------ RECORDS SHOWN ------

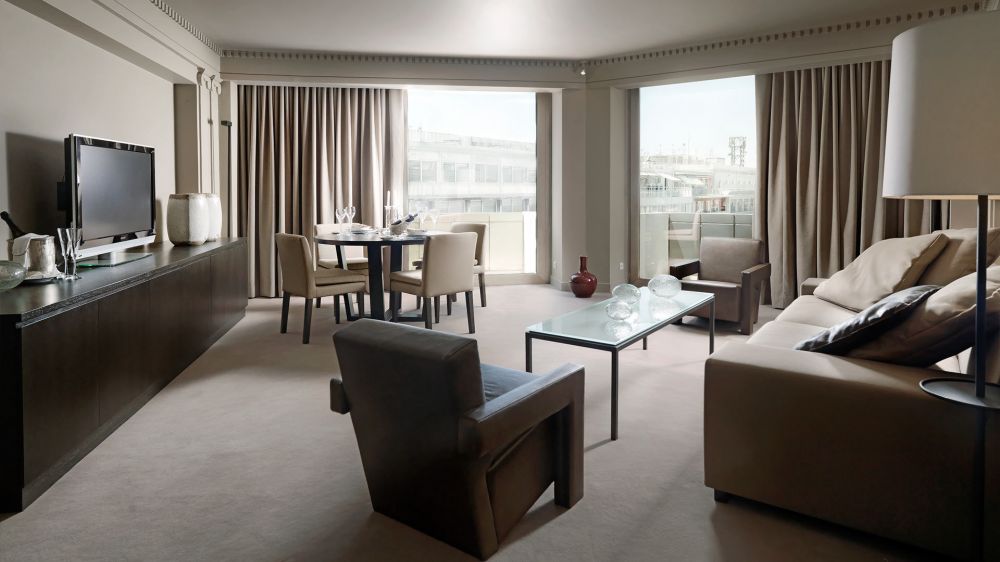 Deluxe Suite City View, NJV Athens Plaza 5*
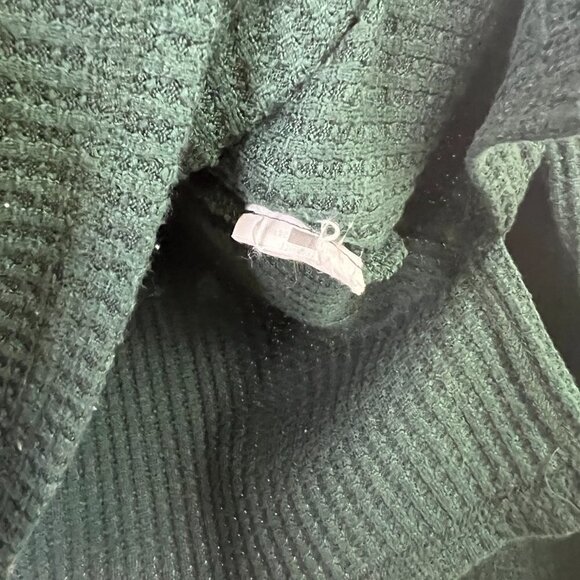 Abercrombie & Fitch BUNDLE of TWO Waffle Knit Shirts - Button Front & Crewneck - Picture 6 of 14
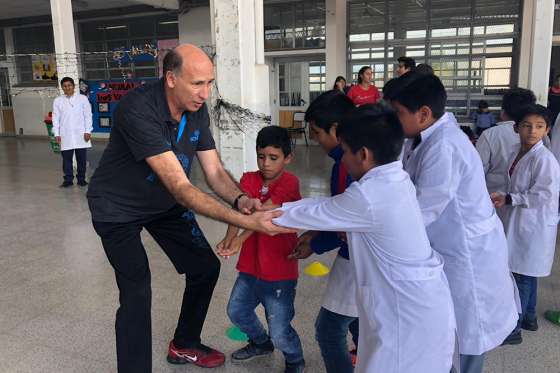 Por tercer año consecutivo se lanzó el programa El Vóley va a la Escuela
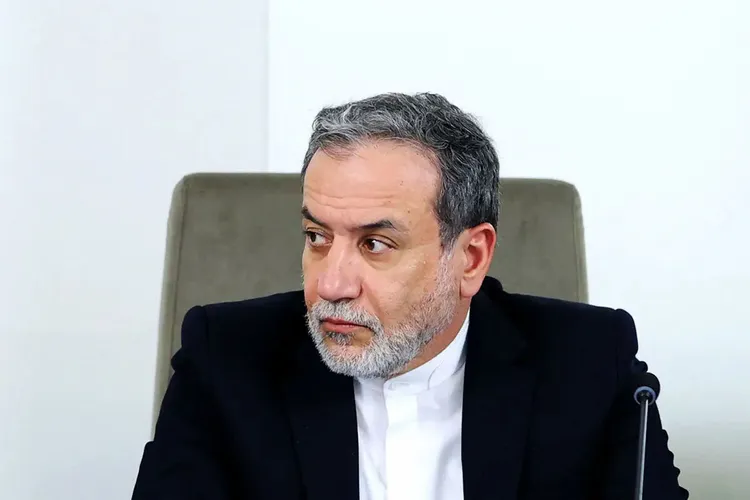 عراقچی: آب را می‌توان به موضوع همکاری با همسایگان تبدیل کرد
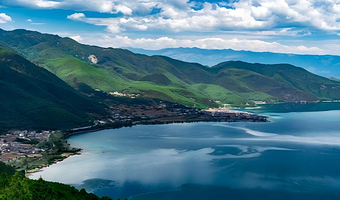 一日游【香格里拉+无底湖一日游【2-17人团-环湖徒步：集森林、牧场、湖泊小众之旅】】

------

**BRIEF**
Could you transcribe exactly the lines from the start of the records through the line containing "Por tercer año", both ends included, leaving the pictures out?

**SOLUTION TO THE EXERCISE**
 Deluxe Suite City View, NJV Athens Plaza 5*
 Abercrombie & Fitch BUNDLE of TWO Waffle Knit Shirts - Button Front & Crewneck - Picture 6 of 14
 Por tercer año consecutivo se lanzó el programa El Vóley va a la Escuela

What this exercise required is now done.